I absolutely don't see a problem with Larry Page giving his money to Musk.

Edit: Watch the next thing I read is about how much of an asshole Musk is. And
how he stomped on a bunch of good people to get to the top.

------
drawkbox
I guess Larry is like Carlos slim, doesn't think charity works:
[http://blogs.wsj.com/wealth/2010/10/15/worlds-richest-man-
ch...](http://blogs.wsj.com/wealth/2010/10/15/worlds-richest-man-charity-
doesnt-solve-anything/)

I don't agree but I wouldn't mind Elon Musk getting money for big projects
that the gov't might have done in the past. Like Eisenhower's
interstates/highway to something like Elon's electric highways. If there is
more industry/market/inroads more people can make money and subsequently give
to charity, not a select few.

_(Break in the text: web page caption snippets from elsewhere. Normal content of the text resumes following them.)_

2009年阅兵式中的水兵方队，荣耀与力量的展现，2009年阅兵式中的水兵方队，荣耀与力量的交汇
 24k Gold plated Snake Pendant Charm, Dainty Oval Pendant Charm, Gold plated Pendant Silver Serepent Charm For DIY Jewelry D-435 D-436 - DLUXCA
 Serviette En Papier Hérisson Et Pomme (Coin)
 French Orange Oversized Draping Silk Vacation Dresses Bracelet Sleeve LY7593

Rising tide lifts all boats, so that answer is
both.

------
moheeb
To me it seems he has basically ranked Larry Page > Elon Musk (or he'd have
given the money away already) and Elon Musk > Bill Gates.

I don't agree, but it is his money.

------
swampthing
Sounds like people are starting to take Carnegie's "Gospel of Wealth" to heart
(although I guess Page would only be going half way). It's kind of exciting
actually - I think this is the first time in history where enough wealthy
people are going that route that we can observe how well things work under
that framework.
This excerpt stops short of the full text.